En una entrevista improvisada vía celular llevada a cabo por el titular del Congreso, Silvio "Beto" Ovelar, Santiago Peña aprovechó para elogiar a su homólogo de Brasil, Lula da Silva, y a la Argentina, como aliados estratégicos para su plan de hacer resurgir a Paraguay como un "gigante" económico en Sudamérica.
Sin embargo, el presidente evitó referirse directamente al presidente electo de Argentina, Javier Milei, en una clara señal de incertidumbre a pocas semanas del cambio de gobierno, el próximo 10 de diciembre.
"Antes de asumir estuve en Emiratos Árabes, Taiwán y Lula me recibió en tres ocasiones en Brasil. Es nuestra principal figura comercial. El rol que cumple él (Francisco) en el escenario internacional es fundamental para el Paraguay. Nos faltaba venir a Europa porque la figura del Papa transciende fronteras", comentó a Ovelar.
Ya en su primer discurso ante la Asamblea General de las Naciones Unidas, Peña había destacado el rol de Brasil como socio preferencial y la cercanía del santo padre a la feligresía católica de Paraguay. "Las iniciativas de paz impulsadas tanto por Brasil, país hermano, así como por el Papa Francisco, cuya conmovedora presencia es fuente de inspiración para toda la humanidad", dijo entonces el mandatario ante la ONU.
Peña subrayó a medios italianos que su objetivo era cerrar la brecha entre América Latina y Europa con el eje central puesto en el comercio, aunque lamentó la falta de avances en la negociación por el acuerdo con la Unión Europea. "Paraguay no solo puede ser un buen socio, sino el mejor socio para Italia", indicó.
En su reunión con el cardenal Peitro Parolín, secretario de Estado del Vaticano, el presidente reveló que las conversaciones se enfocaron en la guerra en Ucrania y la escalada en Medio Oriente.
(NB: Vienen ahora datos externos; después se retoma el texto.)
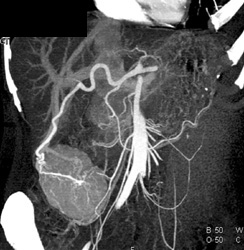 Focal Nodular Hyperplasia - CTisus CT Scan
Desde la Presidencia no confirmaron si Peña habló con Francisco y Parolín sobre la situación en Venezuela o el escenario que se abre en Argentina tras la elección de Milei. Tanto en Asunción como en Roma priman la expectativa y la cautela.
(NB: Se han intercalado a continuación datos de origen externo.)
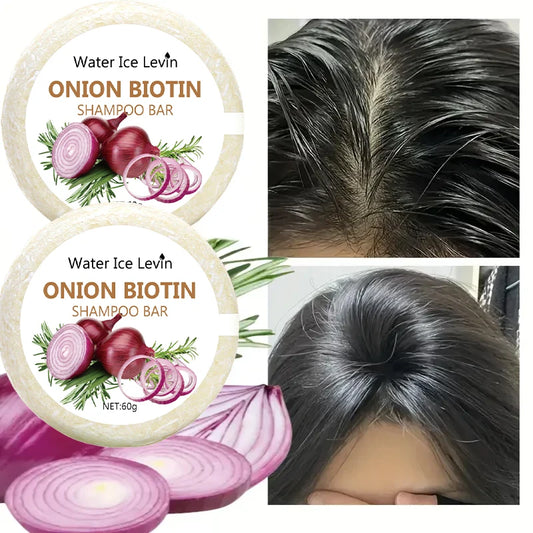 Onion Biotin Shampoo Bar - 60g, Suitable for All Hair Types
Acompañaron al presidente su esposa Leticia Ocampos y sus hijos, Beto Ovelar y César Diésel, titular la Corte Suprema de Justicia. Paraguay y la Santa Sede comparten varias características. Ambos reconocen a Taiwán y no a la República Popular China y otorgan un lugar central a la fe, pese a que la Constitución paraguaya reivindica la laicidad.
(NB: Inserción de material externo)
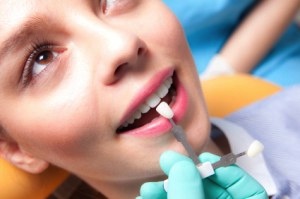 What You NEED To Know If You Are Considering Veneers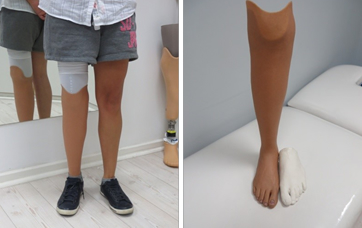 proteza podudzia pokrycie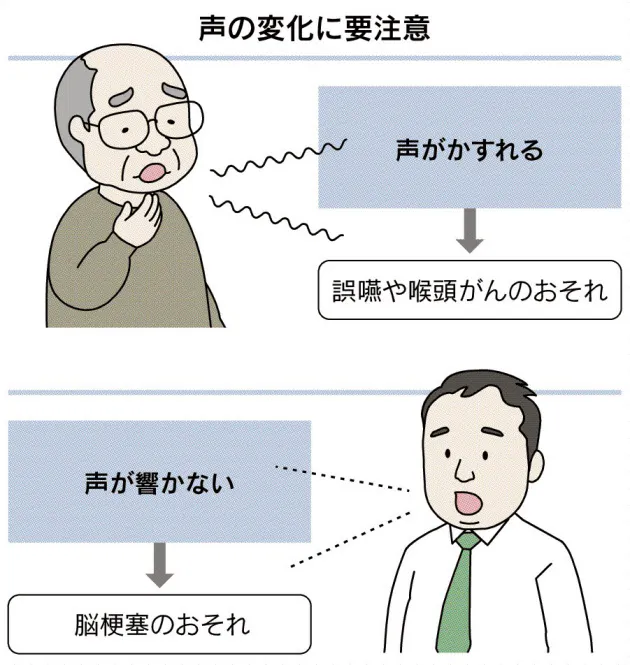 肺炎 脳梗塞 ストレス 声は健康のバロメーター Nikkei Style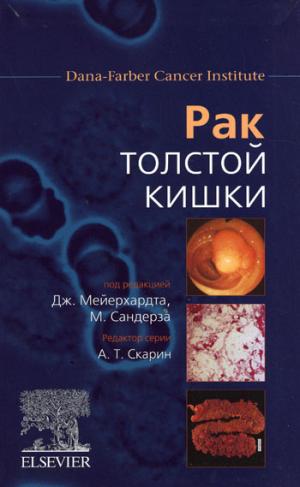 Рак толстой кишки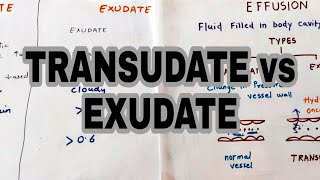 Transudate vs Exudate  Types of effusion  lights criteria [upl. by Mic]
La comitiva paraguaya hizo un intercambio de regalos con el santo padre. El presidente le entregó un rosario de filigrana, un pesebre elaborado por artesanos de la comunidad originaria nivaclé, una canasta de chipa, una imagen de la vírgen de Caacupé tallada en palo santo y un poncho de "60 listas". Por su parte, Francisco obsequió a Peña una obra de bronce con la figura de una mujer con un niño en brazos dedicada a la misericordia.